All records must be restated word for word.

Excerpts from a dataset
-- Opening Marker --

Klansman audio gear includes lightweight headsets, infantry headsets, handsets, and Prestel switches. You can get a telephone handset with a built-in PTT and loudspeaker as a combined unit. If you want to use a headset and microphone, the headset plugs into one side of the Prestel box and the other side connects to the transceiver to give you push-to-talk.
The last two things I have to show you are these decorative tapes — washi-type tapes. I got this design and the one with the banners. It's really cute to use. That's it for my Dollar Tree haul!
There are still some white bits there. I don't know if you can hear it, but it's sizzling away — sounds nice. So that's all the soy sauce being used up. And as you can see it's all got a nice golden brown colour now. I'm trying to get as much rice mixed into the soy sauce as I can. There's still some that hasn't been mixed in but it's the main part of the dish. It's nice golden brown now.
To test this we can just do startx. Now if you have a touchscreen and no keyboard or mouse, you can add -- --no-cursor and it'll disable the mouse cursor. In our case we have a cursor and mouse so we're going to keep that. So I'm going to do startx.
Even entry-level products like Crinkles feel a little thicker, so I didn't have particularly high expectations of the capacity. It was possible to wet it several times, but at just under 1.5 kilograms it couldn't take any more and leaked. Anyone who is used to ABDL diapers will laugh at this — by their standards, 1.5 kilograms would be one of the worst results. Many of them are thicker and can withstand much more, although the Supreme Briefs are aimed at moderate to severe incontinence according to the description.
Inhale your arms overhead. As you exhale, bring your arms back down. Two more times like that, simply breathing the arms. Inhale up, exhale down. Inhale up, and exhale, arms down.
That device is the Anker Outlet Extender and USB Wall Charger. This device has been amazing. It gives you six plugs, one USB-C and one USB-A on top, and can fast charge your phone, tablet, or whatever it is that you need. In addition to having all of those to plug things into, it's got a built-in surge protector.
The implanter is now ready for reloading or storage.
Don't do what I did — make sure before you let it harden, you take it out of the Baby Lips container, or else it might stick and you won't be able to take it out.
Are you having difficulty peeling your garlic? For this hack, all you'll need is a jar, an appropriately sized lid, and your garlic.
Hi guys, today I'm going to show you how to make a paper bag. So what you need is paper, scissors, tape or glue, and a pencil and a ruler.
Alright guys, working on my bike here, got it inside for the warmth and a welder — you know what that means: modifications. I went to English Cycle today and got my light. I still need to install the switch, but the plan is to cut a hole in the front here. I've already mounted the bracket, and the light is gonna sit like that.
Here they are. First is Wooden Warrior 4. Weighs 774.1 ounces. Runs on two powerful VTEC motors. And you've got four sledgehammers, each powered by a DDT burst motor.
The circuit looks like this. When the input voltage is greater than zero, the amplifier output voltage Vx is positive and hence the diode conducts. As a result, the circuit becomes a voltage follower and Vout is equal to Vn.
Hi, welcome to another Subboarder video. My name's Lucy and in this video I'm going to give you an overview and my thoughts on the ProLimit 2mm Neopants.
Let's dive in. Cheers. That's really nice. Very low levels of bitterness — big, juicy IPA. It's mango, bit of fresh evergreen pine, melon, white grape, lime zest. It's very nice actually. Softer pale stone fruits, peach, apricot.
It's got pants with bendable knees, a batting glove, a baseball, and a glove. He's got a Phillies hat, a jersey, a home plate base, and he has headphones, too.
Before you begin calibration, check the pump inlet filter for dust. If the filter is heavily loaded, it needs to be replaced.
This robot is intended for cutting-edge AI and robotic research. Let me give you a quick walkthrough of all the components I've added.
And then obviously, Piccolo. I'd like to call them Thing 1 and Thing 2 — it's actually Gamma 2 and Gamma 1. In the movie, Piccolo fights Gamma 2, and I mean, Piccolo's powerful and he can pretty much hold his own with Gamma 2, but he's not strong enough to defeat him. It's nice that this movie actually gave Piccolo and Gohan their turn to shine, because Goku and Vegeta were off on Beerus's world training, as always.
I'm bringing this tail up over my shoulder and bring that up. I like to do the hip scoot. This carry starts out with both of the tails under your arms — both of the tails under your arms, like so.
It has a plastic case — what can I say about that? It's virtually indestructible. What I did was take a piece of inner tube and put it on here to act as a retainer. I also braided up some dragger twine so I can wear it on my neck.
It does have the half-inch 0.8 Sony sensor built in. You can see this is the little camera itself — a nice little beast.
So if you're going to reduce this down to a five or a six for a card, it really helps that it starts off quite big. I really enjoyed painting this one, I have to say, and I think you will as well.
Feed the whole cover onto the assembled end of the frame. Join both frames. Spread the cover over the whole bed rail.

-- Closing Marker --

# [Reply]
Klansman audio gear includes lightweight headsets, infantry headsets, handsets, and Prestel switches. You can get a telephone handset with a built-in PTT and loudspeaker as a combined unit. If you want to use a headset and microphone, the headset plugs into one side of the Prestel box and the other side connects to the transceiver to give you push-to-talk.
The last two things I have to show you are these decorative tapes — washi-type tapes. I got this design and the one with the banners. It's really cute to use. That's it for my Dollar Tree haul!
There are still some white bits there. I don't know if you can hear it, but it's sizzling away — sounds nice. So that's all the soy sauce being used up. And as you can see it's all got a nice golden brown colour now. I'm trying to get as much rice mixed into the soy sauce as I can. There's still some that hasn't been mixed in but it's the main part of the dish. It's nice golden brown now.
To test this we can just do startx. Now if you have a touchscreen and no keyboard or mouse, you can add -- --no-cursor and it'll disable the mouse cursor. In our case we have a cursor and mouse so we're going to keep that. So I'm going to do startx.
Even entry-level products like Crinkles feel a little thicker, so I didn't have particularly high expectations of the capacity. It was possible to wet it several times, but at just under 1.5 kilograms it couldn't take any more and leaked. Anyone who is used to ABDL diapers will laugh at this — by their standards, 1.5 kilograms would be one of the worst results. Many of them are thicker and can withstand much more, although the Supreme Briefs are aimed at moderate to severe incontinence according to the description.
Inhale your arms overhead. As you exhale, bring your arms back down. Two more times like that, simply breathing the arms. Inhale up, exhale down. Inhale up, and exhale, arms down.
That device is the Anker Outlet Extender and USB Wall Charger. This device has been amazing. It gives you six plugs, one USB-C and one USB-A on top, and can fast charge your phone, tablet, or whatever it is that you need. In addition to having all of those to plug things into, it's got a built-in surge protector.
The implanter is now ready for reloading or storage.
Don't do what I did — make sure before you let it harden, you take it out of the Baby Lips container, or else it might stick and you won't be able to take it out.
Are you having difficulty peeling your garlic? For this hack, all you'll need is a jar, an appropriately sized lid, and your garlic.
Hi guys, today I'm going to show you how to make a paper bag. So what you need is paper, scissors, tape or glue, and a pencil and a ruler.
Alright guys, working on my bike here, got it inside for the warmth and a welder — you know what that means: modifications. I went to English Cycle today and got my light. I still need to install the switch, but the plan is to cut a hole in the front here. I've already mounted the bracket, and the light is gonna sit like that.
Here they are. First is Wooden Warrior 4. Weighs 774.1 ounces. Runs on two powerful VTEC motors. And you've got four sledgehammers, each powered by a DDT burst motor.
The circuit looks like this. When the input voltage is greater than zero, the amplifier output voltage Vx is positive and hence the diode conducts. As a result, the circuit becomes a voltage follower and Vout is equal to Vn.
Hi, welcome to another Subboarder video. My name's Lucy and in this video I'm going to give you an overview and my thoughts on the ProLimit 2mm Neopants.
Let's dive in. Cheers. That's really nice. Very low levels of bitterness — big, juicy IPA. It's mango, bit of fresh evergreen pine, melon, white grape, lime zest. It's very nice actually. Softer pale stone fruits, peach, apricot.
It's got pants with bendable knees, a batting glove, a baseball, and a glove. He's got a Phillies hat, a jersey, a home plate base, and he has headphones, too.
Before you begin calibration, check the pump inlet filter for dust. If the filter is heavily loaded, it needs to be replaced.
This robot is intended for cutting-edge AI and robotic research. Let me give you a quick walkthrough of all the components I've added.
And then obviously, Piccolo. I'd like to call them Thing 1 and Thing 2 — it's actually Gamma 2 and Gamma 1. In the movie, Piccolo fights Gamma 2, and I mean, Piccolo's powerful and he can pretty much hold his own with Gamma 2, but he's not strong enough to defeat him. It's nice that this movie actually gave Piccolo and Gohan their turn to shine, because Goku and Vegeta were off on Beerus's world training, as always.
I'm bringing this tail up over my shoulder and bring that up. I like to do the hip scoot. This carry starts out with both of the tails under your arms — both of the tails under your arms, like so.
It has a plastic case — what can I say about that? It's virtually indestructible. What I did was take a piece of inner tube and put it on here to act as a retainer. I also braided up some dragger twine so I can wear it on my neck.
It does have the half-inch 0.8 Sony sensor built in. You can see this is the little camera itself — a nice little beast.
So if you're going to reduce this down to a five or a six for a card, it really helps that it starts off quite big. I really enjoyed painting this one, I have to say, and I think you will as well.
Feed the whole cover onto the assembled end of the frame. Join both frames. Spread the cover over the whole bed rail.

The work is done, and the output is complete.